Développement dans les pays producteurs
Ghana
Au cours des dernières années, il a été difficile pour le Cocobod de continuer à soutenir les cultivateurs, en raison notamment de la dépréciation du cedi ghanéen. Tandis que le prix de nombreux intrants et biens de consommation était en hausse, la part perçue par les agriculteurs sur le prix de marché mondial a diminué de façon significative au cours de la récolte 2013/14. En conséquence, de nombreux cultivateurs et négociants ont organisé une contrebande de cacao en Côte d’Ivoire. Le Cocobod a réagi avec une forte hausse des prix à l’exploitation pour la saison 2014/15 (de 3 392 cedis à 5 520 cedis (soit 1 630 $) par tonne). En outre, le Cocobod a promis de continuer à soutenir les cultivateurs à l’aide de semis et d’intrants subventionnés, programme qui a dû être partiellement interrompu l’année précédente en raison de problèmes financiers. Cependant, ces intrants subventionnés étaient souvent disponibles uniquement pour les grandes exploitations les plus accessibles.
Côte d’Ivoire
Le Conseil du Café-Cacao (CCC) poursuit également ses programmes visant à améliorer la situation des cultivateurs. Pour la nouvelle saison de récolte, le prix minimal a été porté de 750 francs CFA à 850 francs CFA le kilo (soit 1 487 $ par tonne). Le gouvernement ivoirien a revu la réglementation sur le secteur du cacao et tente de mieux réguler les projets des entreprises et des ONG tout en mettant en œuvre une réforme du système coopératif. En outre, il a modifié son système de vente aux enchères et de vente à terme, ce qui lui a valu des critiques de la part des acteurs de l’industrie qui ont accusé une baisse de bénéfices. Ces réformes combinées à une augmentation des prix sur le marché mondial ont conduit à une hausse de 40 % des prix à l’exploitation selon les experts du marché. Les cultivateurs ont investi plus de temps et d’intrants dans leurs exploitations. Les revenus plus élevés combinés aux nombreux programmes mis en œuvre dans le pays ont occasionné une récolte record lors de la saison 2013/14. Le programme 2QC (Quantité, Qualité, Croissance) est une tentative du gouvernement ivoirien de mettre en place une politique nationale du cacao conforme à l’Agenda mondial du cacao. Bien que la représentation des cultivateurs dans ce processus soit une source de préoccupations, les étapes initiales semblent encourageantes, et il semble que le gouvernement ivoirien commence effectivement à faire face aux défis de son économie cacaoyère.
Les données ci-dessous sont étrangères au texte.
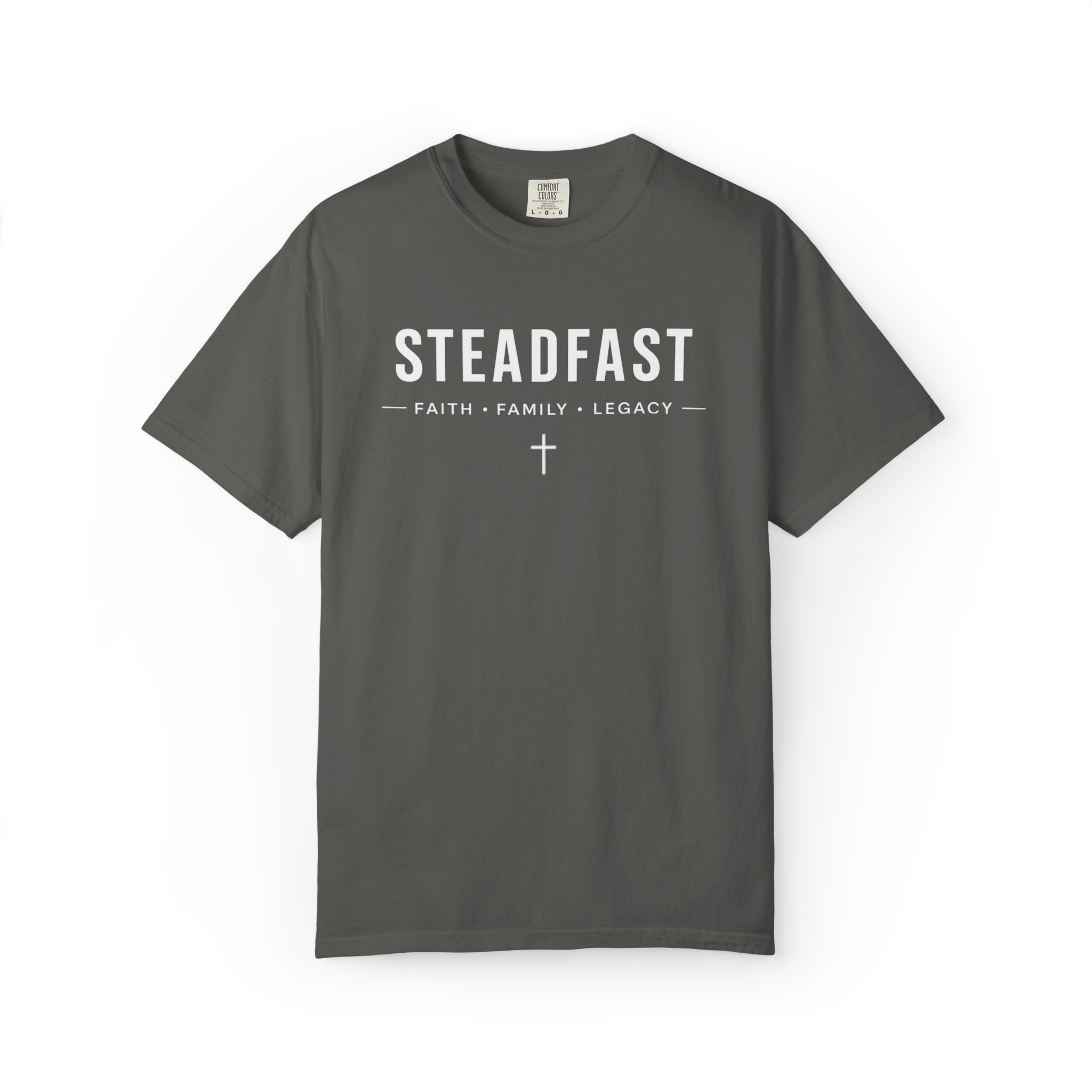 Steadfast Essential Christian T-Shirt | Comfort Colors Faith-Based Apparel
Développements dans les pays consommateurs
Au cours des dix dernières années, les consommateurs ont pris de plus en plus conscience des questions entourant la production durable de cacao. Alimentée par de nombreuses campagnes, notamment axées sur le travail et la traite des enfants, la sensibilisation du public et des médias est désormais une des principales sources de motivation pour l’adoption de normes (plus contraignantes) et d’un système de certification dans l’industrie du chocolat. De telles campagnes risquent néanmoins de trop simplifier certaines des raisons sous-jacentes au travail et à la traite des enfants, tels que la pauvreté et le manque d’infrastructures, les solutions à ces problèmes demandant des approches multiples.
Les initiatives de responsabilité sociale volontaire des entreprises ne suffisent pas à empêcher les violations des droits humains et les atteintes à l’environnement. Certains des principaux défis à relever en matière de production durable de cacao nécessiteront une législation à la fois au niveau national et au niveau régional (comme l’UE). Le but d’une telle législation doit être d’assurer que les sociétés ayant leur siège dans ces pays soient obligées de respecter les droits humains et l’environnement dans le monde entier, non seulement au sein de l’entreprise, mais aussi sur l’ensemble de la chaîne d’approvisionnement. Cela impliquerait l’instauration d’un processus de diligence raisonnable en matière de droits humains afin d’identifier, prévenir, limiter et rendre compte de la façon dont les impacts sur les droits humains sont traités. La diligence raisonnable demande ici une évaluation des risques, des mesures permettant de prévenir et de mettre un terme aux éventuelles violations des droits humains et aux atteintes à l’environnement, ainsi que des rapports complets sur les politiques en place et les mesures prises.
Un autre élément essentiel à prendre en compte est la cohérence des politiques commerciales, étrangères et de développement des pays consommateurs. Il n’est pas logique d’investir par l’intermédiaire de la coopération au développement, tandis que le commerce, en sa qualité de levier de développement, est entravé par des barrières.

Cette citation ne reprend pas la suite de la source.